The median home value in the city was $457,500, the median selected monthly owner cost was $2,654 for housing units with a mortgage and $731 for those without, and the median gross rent was $1,294.

==Government==
The City of Castle Pines is a home ruled city and follows the Mayor-Council government system. The City receives the majority of its revenue through sales and use tax collections. The City receives a portion of the revenue collected through property taxes, but these dollars are dedicated to fund law enforcement.

The residents of the City of Castle Pines North elected their first city officials on February 12, 2008.

==Parks and recreation==
Castle Pines is home to 5 parks and 14 miles of trails that are 8-feet wide and paved to accommodate a variety of recreational activities. Walking, running and bicycling is permitted on trails, however horseback riding and the use of motorized vehicles is prohibited. The Castle Pines North Metropolitan District maintains most trails in Castle Pines.

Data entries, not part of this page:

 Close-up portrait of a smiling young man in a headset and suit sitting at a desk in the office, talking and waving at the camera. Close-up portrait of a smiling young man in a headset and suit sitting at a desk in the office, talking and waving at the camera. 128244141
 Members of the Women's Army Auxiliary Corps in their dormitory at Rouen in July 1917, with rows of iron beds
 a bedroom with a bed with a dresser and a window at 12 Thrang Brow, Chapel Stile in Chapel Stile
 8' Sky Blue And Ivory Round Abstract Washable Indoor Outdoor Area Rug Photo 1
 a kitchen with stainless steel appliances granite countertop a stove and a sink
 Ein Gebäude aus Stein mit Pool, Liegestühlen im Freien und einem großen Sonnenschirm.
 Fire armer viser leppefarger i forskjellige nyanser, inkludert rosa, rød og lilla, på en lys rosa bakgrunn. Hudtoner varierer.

Castle Pines parks and natural areas include:
- Elk Ridge Park
- Retreat Park
- Coyote Ridge Park
- Daniel's Gate Park
- Daniels Park

==Schools==
Students residing in Castle Pines are within the Douglas County School District.

Primary Schools:
- Castle Pines Academy
- American Academy
- DCS Montessori
Elementary Schools:
- Buffalo Ridge Elementary
- Timber Trail Elementary
- DCS Montessori
- American Academy
Middle Schools:
- DCS Montessori
- American Academy

==Transportation==
Castle Pines is located adjacent to Interstate 25. The city is served by Denver International Airport and nearby Centennial Airport.